34. The same endorsement was given in EM and Others (Returnees) Zimbabwe CG [2011] UKUT 98 (IAC) at [266]. This time purely as a result of the country guidance handed down by the Upper Tribunal in that appeal not concerning the position at the actual point of return to Zimbabwe of a failed asylum seeker from the United Kingdom. It was confirmed therefore that the country guidance regarding risk at the airport continued to be as set out in HS (Returning asylum seekers) Zimbabwe, read together with the relevant paragraphs of the preceding country guidance cases of SM and Others (MDC - internal flight - risk categories) Zimbabwe CG [2005] UKIAT 00100 and AA (Risk for involuntary returnees) Zimbabwe CG [2006] UKAIT 00061 .

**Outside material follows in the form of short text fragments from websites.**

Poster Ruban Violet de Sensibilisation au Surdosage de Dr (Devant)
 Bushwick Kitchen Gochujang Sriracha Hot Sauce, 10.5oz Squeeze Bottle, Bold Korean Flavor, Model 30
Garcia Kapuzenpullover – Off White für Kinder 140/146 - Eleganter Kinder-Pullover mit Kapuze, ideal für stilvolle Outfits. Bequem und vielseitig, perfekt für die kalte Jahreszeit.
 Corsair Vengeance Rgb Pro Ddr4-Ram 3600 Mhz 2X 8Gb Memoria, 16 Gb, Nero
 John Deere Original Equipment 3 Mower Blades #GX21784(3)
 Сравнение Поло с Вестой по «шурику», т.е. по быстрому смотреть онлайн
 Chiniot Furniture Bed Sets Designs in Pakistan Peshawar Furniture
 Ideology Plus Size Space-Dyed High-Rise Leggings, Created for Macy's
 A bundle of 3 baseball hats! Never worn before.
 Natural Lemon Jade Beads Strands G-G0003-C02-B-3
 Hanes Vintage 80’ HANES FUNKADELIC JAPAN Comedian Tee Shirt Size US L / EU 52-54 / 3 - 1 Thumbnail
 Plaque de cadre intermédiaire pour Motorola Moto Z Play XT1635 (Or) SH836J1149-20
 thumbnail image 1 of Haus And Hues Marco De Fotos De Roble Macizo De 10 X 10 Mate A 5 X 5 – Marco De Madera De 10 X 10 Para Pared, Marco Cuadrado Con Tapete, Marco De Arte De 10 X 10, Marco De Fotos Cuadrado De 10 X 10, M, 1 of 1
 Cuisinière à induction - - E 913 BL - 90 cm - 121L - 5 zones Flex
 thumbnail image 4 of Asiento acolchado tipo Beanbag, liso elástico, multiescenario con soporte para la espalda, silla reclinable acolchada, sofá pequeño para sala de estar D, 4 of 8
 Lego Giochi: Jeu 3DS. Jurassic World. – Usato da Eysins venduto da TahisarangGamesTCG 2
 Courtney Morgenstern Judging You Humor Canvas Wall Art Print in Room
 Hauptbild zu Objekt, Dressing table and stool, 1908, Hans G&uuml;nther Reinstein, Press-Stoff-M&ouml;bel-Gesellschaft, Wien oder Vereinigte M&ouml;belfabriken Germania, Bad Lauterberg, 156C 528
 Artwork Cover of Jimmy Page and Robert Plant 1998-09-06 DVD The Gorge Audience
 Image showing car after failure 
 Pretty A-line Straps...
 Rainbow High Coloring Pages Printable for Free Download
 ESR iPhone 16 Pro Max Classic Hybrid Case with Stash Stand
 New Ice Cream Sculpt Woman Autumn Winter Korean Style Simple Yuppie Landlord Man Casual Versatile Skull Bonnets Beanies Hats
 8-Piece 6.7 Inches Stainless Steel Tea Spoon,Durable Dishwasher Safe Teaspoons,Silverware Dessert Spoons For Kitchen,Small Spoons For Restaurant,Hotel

35. I record the above since the country guidance case of LZ was promulgated after EM and Others but before CM. In LZ, the Upper Tribunal also confirmed that EM and Others, which formed the then-current starting point for Zimbabwean asylum cases, was not concerned with risk to homosexuals and that neither party in LZ had asked the Tribunal to make any finding which might be inconsistent with the findings in EM.
36. HS continues therefore to support the Judge's findings, stemming in the first instance from the discovery of the Appellant's criminal convictions. For instance, paragraph 3 of the head-note provides as follows:
3. The process of screening returning passengers is an intelligence led process and the CIO will generally have identified from the passenger manifest in advance, based upon such intelligence, those passengers in whom there is any possible interest. The fact of having made an asylum claim abroad is not something that in itself will give rise to adverse interest on return.
37. The updating country information given in CM on the position of returnees at the point of return confirmed that there was no basis to extend the scope of the country guidance given in HS. This does not however affect the Judge's findings in this appeal since the Judge did not seek to extend the scope of the country guidance but was merely applying the country guidance contained in LZ in relation to the return of those who are openly gay, together with the country guidance contained in HS on matters concerning return and the point of entry for returnees.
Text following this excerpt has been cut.